PROBLEM DETAILS — Reproduction without pictures: print every entry precisely as written.

GIVEN DATA —
[Start of Attachment]

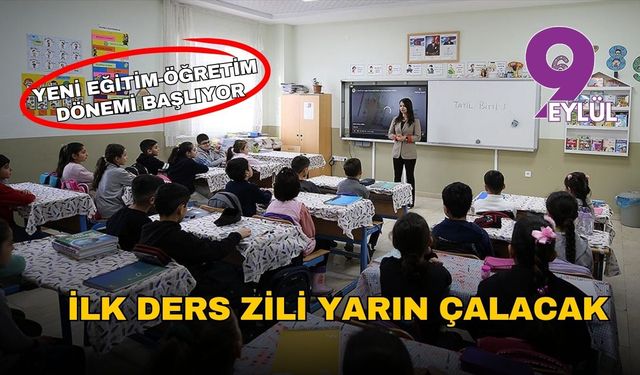 Yeni eğitim öğretim yılı yarın başlıyor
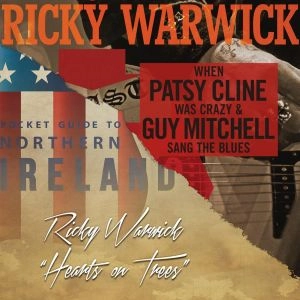 RICKY WARWICK / リッキー・ウォリック / WHEN PATSY CLINE WAS CRAZY / HEARTS ON TREES<SLIP CASE>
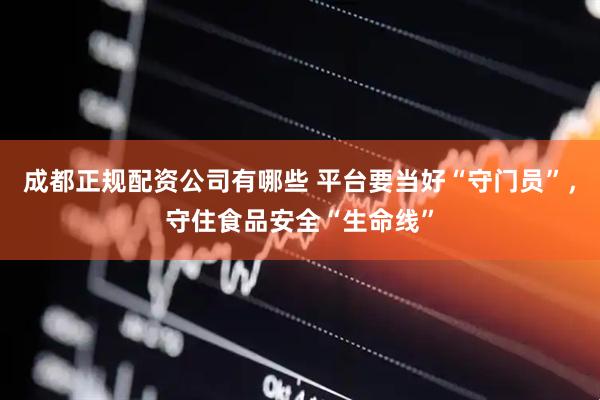成都正规配资公司有哪些 平台要当好“守门员”，守住食品安全“生命线”
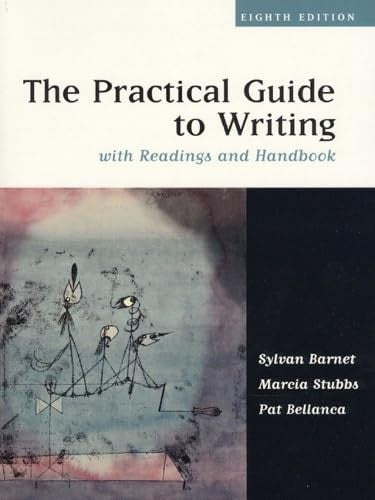 The Practical Guide to Writing with Readings and Handbook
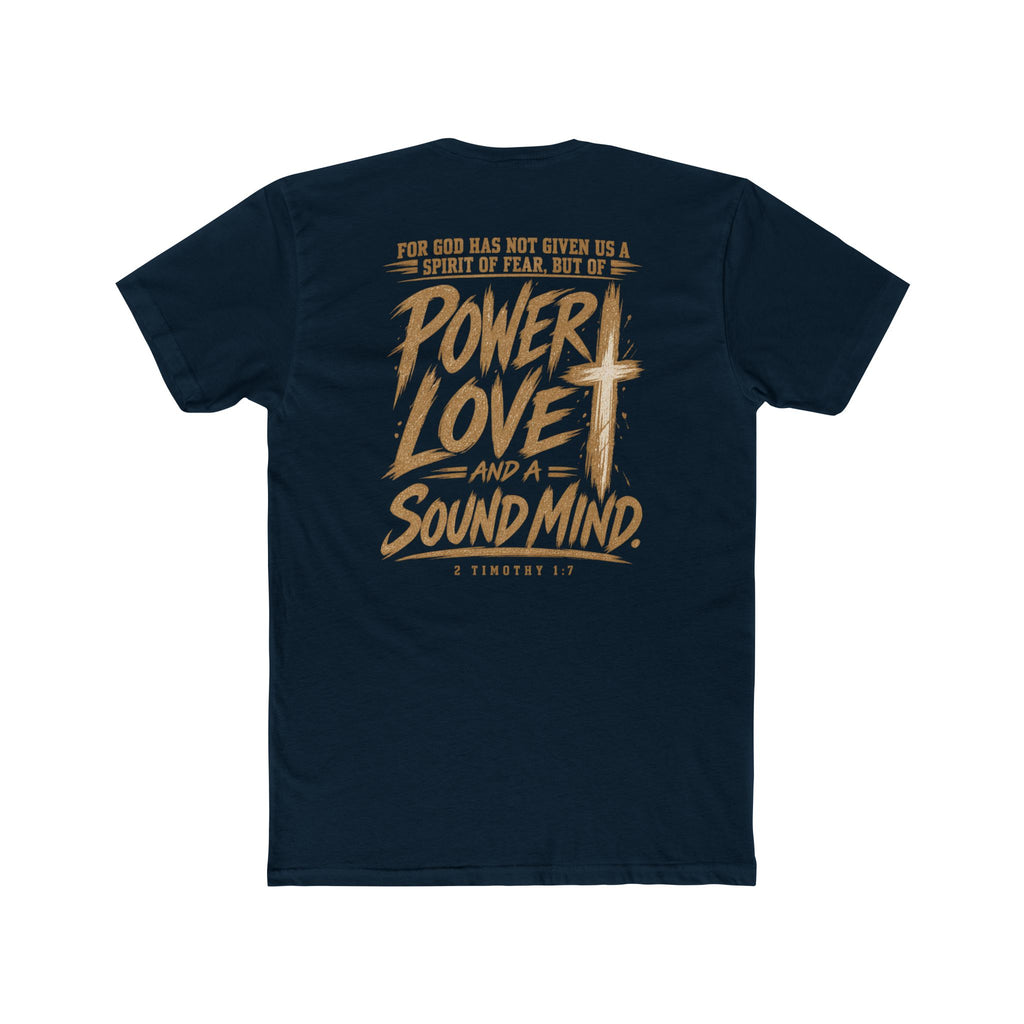 Power, Love & Sound Mind Tee — Inspirational Christian Quote T-Shirt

[End of Attachment]

EXERCISE RESULT —
 Yeni eğitim öğretim yılı yarın başlıyor
 RICKY WARWICK / リッキー・ウォリック / WHEN PATSY CLINE WAS CRAZY / HEARTS ON TREES<SLIP CASE>
成都正规配资公司有哪些 平台要当好“守门员”，守住食品安全“生命线”
 The Practical Guide to Writing with Readings and Handbook
 Power, Love & Sound Mind Tee — Inspirational Christian Quote T-Shirt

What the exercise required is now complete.